§ **Try it**:
The complete listing goes into the output exactly, without its pictures.

§ **Data provided**:
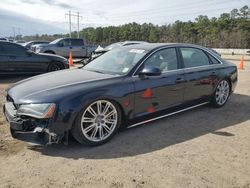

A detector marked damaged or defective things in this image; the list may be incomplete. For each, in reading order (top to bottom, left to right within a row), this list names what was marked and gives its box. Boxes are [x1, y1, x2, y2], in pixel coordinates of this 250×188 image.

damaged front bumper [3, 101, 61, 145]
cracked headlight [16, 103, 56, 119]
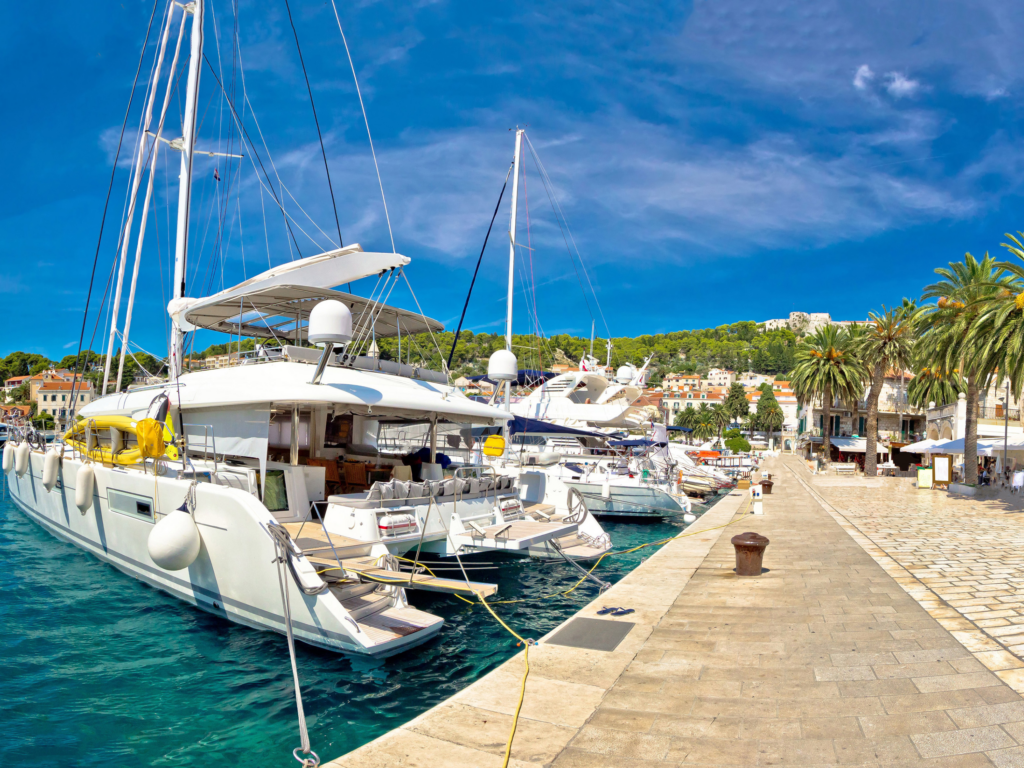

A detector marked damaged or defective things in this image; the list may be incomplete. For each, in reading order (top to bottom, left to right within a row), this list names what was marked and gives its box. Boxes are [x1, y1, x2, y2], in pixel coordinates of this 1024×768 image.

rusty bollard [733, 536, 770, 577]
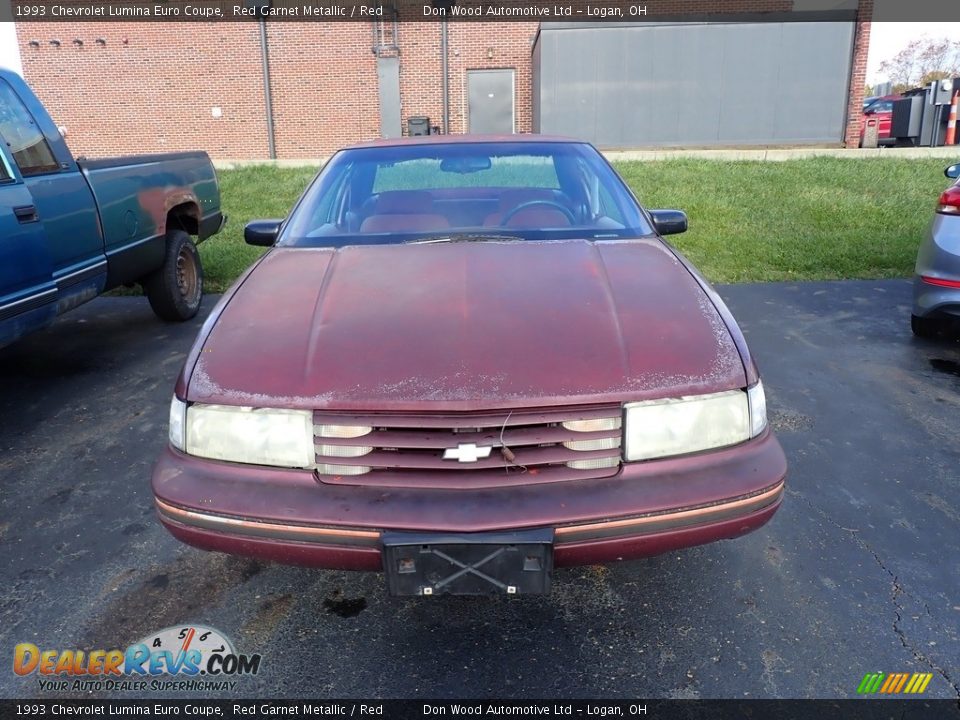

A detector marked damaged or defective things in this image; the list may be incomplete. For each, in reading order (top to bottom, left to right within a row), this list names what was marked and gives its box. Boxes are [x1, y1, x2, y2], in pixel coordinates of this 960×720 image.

§ **Solved problem**:
A detector marked damaged or defective things in this image; the list may be incomplete. For each, in reading order (top to bottom, left to right within a row), this list names what was marked and gives its box. Boxes are [x1, y1, x2, y2], in pixel coordinates of this 250×188 image.

damaged front bumper [3, 101, 61, 145]
cracked headlight [16, 103, 56, 119]

A detector marked damaged or defective things in this image; the list may be incomplete. For each, in reading order (top to bottom, left to right within a row), this list names what was marked and gives its box. Boxes are [x1, y1, x2, y2], in pixel coordinates of this 1024×768 image.

rusty bollard [733, 536, 770, 577]

A detector marked damaged or defective things in this image; the list may be incomplete. For each, in reading order (top to bottom, left to right within a row), this list names what was marked and gives its box. Boxes are [x1, y1, x2, y2], in pixel coordinates of this 960×720 image.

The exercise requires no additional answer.